Ousia and dunamis in the greatest aporia (Parm., 133b4-135b4)
Carolina Araújo
Universidade Federal do Rio de Janeiro
Conselho Nacional de Pesquisa
Brazil
The so-called “greatest aporia” confronted by Socrates’s theory of forms is an argument presented by Parmenides in Plato’s Parmenides attempting to prove that we cannot know these forms. This paper disputes contemporary interpretations that defend it as a sound and as a serious objection to Socrates. I first indicate that from the start Parmenides has a conception of ousia incompatible with the one proposed by Socrates, and is therefore not able to pose him a real challenge. Then I show that Parmenides is actually defending a relativist theory, which he discloses gradually in replacing ousia with dunamis as a prior explanatory principle. I offer three arguments for the inconsistency of his thesis. I conclude that Parmenides himself is right in pointing out that not to postulate Socratic forms would result in destroying our thought and our capacity for dialogue (135b5-c2). The development is as follows.
Socrates claims that an ousia should be a postulated as the being of an item in us, for these items are not by themselves (133c4-6). Ousia shall therefore function as the reference of statements about items in us. It provides a satisfactory answer to the “what is it?” question about them. Parmenides, in his turn, alleges that an ousia should be postulated as the being of correlative forms, because, like Socrates’s items in us, each of them cannot be by itself (133c8-9). Although he confers on ousia the same explanatory role of formal cause we find in Socrates’s theory, Parmenides applies it to forms, instead of to items in us. The result is that ousia means the logical relation of bi-implication. To this concept he adds a vague thesis about participation, by which he concludes that relative items in us are what they are not due to forms, but to each other (133d4). This contradicts Socrates’s initial claim on ousia, not, however, because it generates from it a reduction ad absurdum. The conclusion is inferred from a premise introduced by Parmenides, according to which one relative item in us is what it is due to its counterpart.
My first point against the consistency of Parmenides’s position is the equivocation on the notion of relation in his first argument (133d4): items in us are not relatives due to bi-implication.

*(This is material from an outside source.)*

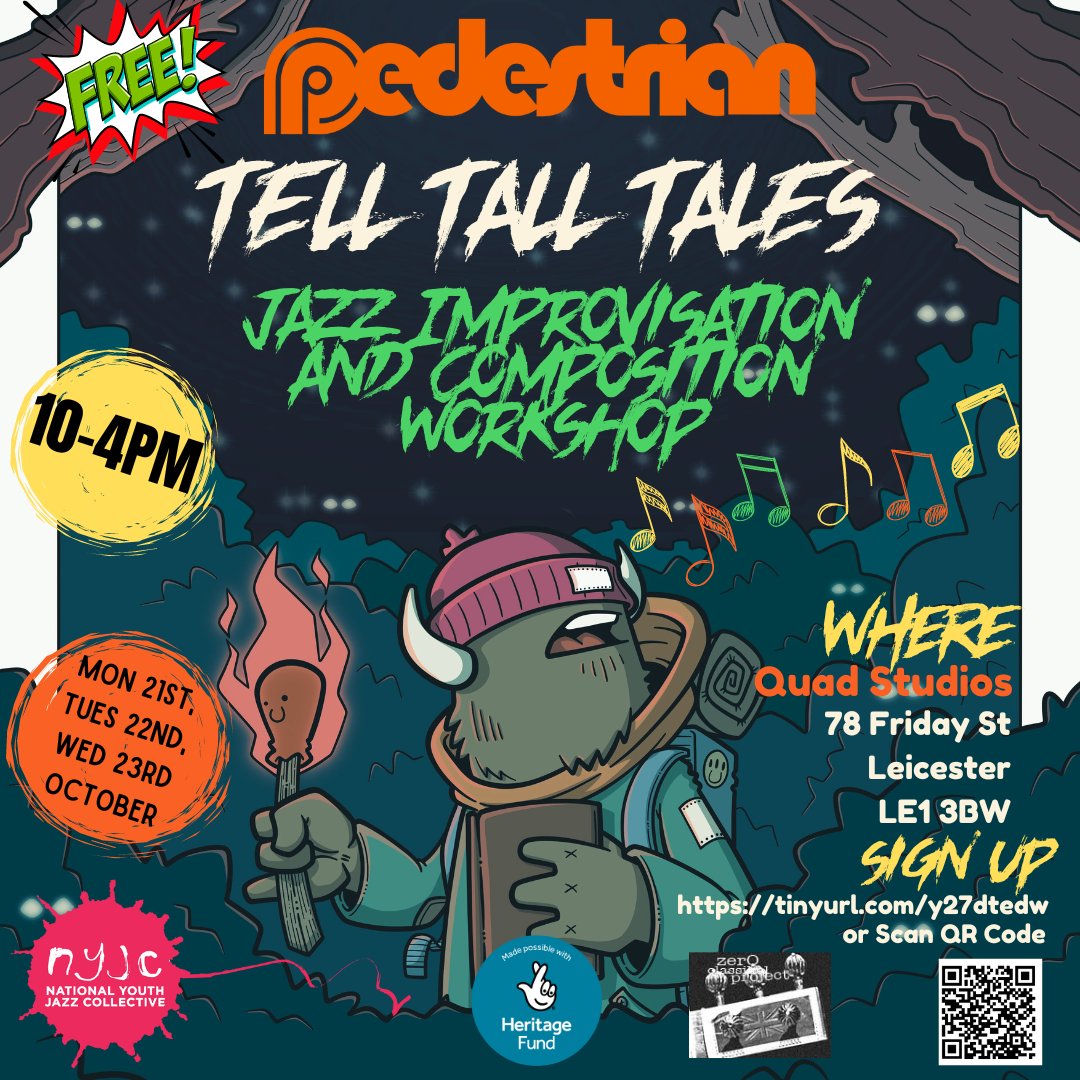 Come and join NYJC &amp; <a href="/zeroclassikal/">zeroclassikal</a> 's FREE 3-day indojazz improvisation and composition workshop on 21- 23 Oct 2024, 10am-4pm as part of <a href="/pedestrian1998/">Pedestrian</a> 's Tell Tall Tales project in Leicester!
nationalyouthjazz.co.uk/tell-tall-tale…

This becomes even clearer in Parmenides’s most notorious example, mastery and slavery, in which he brings in the word dunamis to express what it is for something to have an unspecified relation with something else (133e4-134a1). For forms, to have a dunamis simply means symmetric correlation based on internal necessary features of the end terms. For items in us, to have a dunamis means a spatio-temporal relation that happens externally to the nature of these items and which implies not a bi-implication, but a pair of mutually converse relations: being a slave and being a master.
My second objection is that Parmenides begins with the thesis that some forms are not by themselves and end up committed to the position that no form is by itself. When Parmenides analyzes the problem of knowledge, instead of explaining the presence of a dunamis by postulating an ousia, he explains an ousia by attributing a dunamis to it. Three important consequences emerge: (i) forms are not related at all to items in us (134b3-4), not even as the being of these items; (ii) because forms are related by dunamis, mutually converse relations typical of relative items in us – to know and to be known – apply to them (134b6-7), resulting in the so-called self-predicative forms; (iii) because forms are relative to knowledge, no form is by itself (see 134b11). All things considered, the fact is that Parmenides’s position defends the defence of a full-blown relativistic theory.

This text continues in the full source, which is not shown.